The second “bread pairing” was a chiffon cake made with plenty of garlic and parsley. Apparently in France, they eat frog with these two ingredients.
Taking a Southeast Asian turn, the next dish was sakura masu (cherry trout) with a shrimp crisp topped with sakura ebi shrimp and lime. The broth was a sakura ebi dashi infused with lemongrass. A kind of fancy tom yum soup.
The “bread” course here looks like a traditional Japanese sakura mochi, but is actually sakura rice stuffed with shrimp XO sauce.
Detail of the inside of the rice.
The meat dish was an amazingly juicy and tender chicken that was cooked for two hours.

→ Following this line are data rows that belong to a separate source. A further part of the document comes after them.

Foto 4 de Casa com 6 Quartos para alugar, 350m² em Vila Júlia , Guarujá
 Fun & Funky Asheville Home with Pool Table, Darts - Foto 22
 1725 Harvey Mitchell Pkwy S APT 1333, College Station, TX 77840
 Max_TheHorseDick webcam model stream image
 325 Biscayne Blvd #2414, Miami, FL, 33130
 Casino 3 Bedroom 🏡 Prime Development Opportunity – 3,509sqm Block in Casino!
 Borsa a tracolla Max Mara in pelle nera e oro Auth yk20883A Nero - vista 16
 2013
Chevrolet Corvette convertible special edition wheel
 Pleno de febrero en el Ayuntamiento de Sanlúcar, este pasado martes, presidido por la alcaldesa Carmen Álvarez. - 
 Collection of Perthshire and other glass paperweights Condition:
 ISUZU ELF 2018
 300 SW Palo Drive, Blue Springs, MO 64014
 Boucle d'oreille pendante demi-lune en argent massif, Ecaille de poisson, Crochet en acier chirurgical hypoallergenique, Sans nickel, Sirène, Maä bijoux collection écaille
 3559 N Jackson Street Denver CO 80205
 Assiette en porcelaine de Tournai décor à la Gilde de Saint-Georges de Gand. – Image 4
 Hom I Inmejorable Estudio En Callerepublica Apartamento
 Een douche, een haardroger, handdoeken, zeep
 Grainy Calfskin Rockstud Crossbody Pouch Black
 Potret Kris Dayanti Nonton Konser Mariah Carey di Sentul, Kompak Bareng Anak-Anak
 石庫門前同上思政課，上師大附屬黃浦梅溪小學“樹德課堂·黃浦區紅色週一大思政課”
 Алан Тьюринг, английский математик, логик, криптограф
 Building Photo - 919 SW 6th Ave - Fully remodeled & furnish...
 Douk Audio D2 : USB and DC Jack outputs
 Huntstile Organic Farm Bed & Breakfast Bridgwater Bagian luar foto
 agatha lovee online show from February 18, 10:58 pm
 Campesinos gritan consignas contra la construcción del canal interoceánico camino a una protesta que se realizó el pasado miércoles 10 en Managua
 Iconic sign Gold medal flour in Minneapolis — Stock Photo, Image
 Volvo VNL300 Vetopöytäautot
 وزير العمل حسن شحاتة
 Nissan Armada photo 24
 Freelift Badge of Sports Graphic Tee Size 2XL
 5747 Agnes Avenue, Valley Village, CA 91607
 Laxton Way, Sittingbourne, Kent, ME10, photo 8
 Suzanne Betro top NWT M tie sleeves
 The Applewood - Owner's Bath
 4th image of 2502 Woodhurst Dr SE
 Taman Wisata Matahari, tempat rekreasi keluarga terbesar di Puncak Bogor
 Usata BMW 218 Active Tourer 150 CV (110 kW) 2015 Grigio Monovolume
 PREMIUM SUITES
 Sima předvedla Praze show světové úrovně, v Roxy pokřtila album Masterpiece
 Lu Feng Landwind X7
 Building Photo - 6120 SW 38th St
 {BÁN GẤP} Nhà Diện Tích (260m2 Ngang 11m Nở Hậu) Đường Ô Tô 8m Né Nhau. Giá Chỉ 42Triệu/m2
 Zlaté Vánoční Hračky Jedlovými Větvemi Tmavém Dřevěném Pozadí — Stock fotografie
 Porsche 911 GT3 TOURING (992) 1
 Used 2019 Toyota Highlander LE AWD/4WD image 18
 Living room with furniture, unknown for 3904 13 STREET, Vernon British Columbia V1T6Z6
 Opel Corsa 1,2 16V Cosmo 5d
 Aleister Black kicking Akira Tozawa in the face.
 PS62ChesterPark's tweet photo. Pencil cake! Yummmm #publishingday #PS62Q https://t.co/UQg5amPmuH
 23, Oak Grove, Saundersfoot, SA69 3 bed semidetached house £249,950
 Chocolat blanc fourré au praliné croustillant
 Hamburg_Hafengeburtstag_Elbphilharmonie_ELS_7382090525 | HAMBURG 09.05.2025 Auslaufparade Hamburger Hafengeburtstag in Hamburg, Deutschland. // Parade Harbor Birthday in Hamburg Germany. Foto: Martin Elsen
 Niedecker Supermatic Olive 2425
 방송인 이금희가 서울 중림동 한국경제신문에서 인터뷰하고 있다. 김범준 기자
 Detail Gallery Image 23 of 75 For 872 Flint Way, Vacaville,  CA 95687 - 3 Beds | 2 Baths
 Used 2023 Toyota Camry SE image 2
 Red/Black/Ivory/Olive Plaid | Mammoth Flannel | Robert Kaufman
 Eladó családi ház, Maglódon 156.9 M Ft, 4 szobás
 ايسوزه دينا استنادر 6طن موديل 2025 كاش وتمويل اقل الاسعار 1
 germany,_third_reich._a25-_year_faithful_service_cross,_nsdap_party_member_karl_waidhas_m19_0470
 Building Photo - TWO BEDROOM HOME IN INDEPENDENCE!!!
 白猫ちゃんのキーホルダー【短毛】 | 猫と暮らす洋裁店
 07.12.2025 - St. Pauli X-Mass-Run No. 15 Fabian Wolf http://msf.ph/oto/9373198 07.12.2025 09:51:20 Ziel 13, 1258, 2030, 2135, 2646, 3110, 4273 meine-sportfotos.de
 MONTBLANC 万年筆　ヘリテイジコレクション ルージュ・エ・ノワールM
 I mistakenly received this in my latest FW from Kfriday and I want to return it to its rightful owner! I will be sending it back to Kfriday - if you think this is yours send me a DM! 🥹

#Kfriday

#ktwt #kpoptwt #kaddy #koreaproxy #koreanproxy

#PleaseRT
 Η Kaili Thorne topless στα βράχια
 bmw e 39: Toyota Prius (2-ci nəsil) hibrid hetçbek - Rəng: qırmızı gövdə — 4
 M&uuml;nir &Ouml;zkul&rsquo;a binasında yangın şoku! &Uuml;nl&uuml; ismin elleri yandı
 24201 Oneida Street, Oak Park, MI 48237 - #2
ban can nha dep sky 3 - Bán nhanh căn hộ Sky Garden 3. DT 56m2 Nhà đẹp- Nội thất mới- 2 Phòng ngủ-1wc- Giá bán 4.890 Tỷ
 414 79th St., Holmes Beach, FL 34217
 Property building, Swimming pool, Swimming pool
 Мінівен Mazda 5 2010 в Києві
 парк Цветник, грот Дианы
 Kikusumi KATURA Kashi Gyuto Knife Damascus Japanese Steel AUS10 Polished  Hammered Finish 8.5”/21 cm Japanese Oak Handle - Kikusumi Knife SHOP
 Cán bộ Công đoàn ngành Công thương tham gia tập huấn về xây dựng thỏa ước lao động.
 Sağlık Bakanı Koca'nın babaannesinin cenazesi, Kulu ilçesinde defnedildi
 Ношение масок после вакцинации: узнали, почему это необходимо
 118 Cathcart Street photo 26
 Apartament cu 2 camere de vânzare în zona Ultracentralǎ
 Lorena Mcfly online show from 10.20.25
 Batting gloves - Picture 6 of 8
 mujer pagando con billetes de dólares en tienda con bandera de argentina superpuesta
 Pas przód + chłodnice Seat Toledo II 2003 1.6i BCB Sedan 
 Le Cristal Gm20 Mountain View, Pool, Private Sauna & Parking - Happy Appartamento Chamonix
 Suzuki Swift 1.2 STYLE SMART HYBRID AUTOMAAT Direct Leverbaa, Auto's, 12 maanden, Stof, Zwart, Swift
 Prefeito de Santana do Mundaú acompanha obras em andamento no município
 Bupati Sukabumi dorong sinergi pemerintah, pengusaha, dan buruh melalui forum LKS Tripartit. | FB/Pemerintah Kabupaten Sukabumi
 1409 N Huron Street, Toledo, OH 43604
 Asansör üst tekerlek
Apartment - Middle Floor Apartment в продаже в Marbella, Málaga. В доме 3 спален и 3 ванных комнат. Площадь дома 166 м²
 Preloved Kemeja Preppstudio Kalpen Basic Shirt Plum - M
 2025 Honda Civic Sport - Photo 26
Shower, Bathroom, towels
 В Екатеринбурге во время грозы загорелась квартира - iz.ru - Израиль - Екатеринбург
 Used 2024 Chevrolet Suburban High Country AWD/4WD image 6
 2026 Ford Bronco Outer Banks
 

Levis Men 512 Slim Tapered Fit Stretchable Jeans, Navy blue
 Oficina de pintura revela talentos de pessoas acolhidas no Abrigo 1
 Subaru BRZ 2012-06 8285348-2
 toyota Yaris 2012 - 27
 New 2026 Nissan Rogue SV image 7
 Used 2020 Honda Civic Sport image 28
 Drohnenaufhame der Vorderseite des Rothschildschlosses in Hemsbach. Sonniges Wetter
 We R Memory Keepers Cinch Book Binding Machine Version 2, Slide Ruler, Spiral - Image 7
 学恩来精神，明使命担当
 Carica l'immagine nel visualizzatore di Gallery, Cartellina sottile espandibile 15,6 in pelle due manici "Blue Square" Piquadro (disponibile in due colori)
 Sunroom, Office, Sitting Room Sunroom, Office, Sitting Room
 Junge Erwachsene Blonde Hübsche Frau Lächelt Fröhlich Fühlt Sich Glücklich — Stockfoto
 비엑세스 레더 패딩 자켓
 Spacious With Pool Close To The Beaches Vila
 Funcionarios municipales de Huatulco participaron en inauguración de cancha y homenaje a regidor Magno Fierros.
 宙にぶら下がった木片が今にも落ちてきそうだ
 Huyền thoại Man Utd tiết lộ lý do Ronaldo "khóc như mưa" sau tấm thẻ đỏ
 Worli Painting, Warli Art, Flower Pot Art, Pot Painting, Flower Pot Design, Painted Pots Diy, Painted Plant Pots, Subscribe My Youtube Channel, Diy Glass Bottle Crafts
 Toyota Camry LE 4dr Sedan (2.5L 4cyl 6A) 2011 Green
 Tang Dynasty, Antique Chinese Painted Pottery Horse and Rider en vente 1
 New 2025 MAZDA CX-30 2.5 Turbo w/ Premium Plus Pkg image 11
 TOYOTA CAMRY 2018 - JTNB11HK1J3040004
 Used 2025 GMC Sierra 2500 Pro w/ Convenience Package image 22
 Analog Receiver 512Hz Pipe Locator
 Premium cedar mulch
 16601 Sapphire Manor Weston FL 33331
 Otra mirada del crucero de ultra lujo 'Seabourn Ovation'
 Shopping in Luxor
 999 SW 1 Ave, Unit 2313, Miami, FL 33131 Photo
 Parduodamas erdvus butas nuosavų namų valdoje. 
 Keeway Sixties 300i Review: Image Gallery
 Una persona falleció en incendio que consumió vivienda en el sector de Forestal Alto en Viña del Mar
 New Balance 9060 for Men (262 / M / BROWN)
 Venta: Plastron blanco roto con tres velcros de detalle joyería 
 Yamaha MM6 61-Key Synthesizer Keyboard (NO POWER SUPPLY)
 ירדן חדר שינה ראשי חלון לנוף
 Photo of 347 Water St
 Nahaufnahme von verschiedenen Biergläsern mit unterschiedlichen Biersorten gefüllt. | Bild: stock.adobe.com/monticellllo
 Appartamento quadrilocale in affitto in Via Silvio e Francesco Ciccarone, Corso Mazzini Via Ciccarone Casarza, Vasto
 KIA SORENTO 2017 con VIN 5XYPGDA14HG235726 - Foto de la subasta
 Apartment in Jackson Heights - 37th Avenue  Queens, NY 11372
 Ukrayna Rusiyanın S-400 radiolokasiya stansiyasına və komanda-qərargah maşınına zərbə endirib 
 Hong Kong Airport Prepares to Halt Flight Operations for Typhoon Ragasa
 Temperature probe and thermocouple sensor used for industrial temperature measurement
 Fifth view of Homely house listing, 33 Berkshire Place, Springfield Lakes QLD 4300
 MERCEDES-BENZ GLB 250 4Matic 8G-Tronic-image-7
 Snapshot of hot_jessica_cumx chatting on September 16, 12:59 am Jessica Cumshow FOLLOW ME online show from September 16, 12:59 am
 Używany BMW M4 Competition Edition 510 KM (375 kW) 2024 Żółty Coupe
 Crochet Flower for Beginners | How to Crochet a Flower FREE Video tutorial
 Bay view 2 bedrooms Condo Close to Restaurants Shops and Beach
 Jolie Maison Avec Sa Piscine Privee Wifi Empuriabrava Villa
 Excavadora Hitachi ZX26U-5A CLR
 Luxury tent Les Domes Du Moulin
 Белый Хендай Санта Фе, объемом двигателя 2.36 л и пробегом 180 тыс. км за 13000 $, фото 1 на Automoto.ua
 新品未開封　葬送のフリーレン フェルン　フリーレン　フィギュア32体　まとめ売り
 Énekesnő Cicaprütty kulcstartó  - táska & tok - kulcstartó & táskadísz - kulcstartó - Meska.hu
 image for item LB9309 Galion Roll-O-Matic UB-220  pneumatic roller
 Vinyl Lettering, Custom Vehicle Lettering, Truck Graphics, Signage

Extra crispy skin, white meat, and dark meat atop two sauces- almond milk and clam. Garnishied with okahijiki (salsola) and asparagus. Divine!
The last bread pairing was a seaweed bread stuffed with seaweed butter.
The seaweed butter.
The first dessert utilized the same “mousse-ing” technique as the first course. Strawberry ice cream and candied strawberries topped with evaporated milk. This dish was very reminiscent of Narisawa’s strawberry dessert, albeit a bit more one-dimensional than Narisawa.
This second, more superior dessert featured a delicious ginger ice cream, meringue, lemon jelly, and a biscuit in the image of a honey comb. A fantastic end to an amazing meal.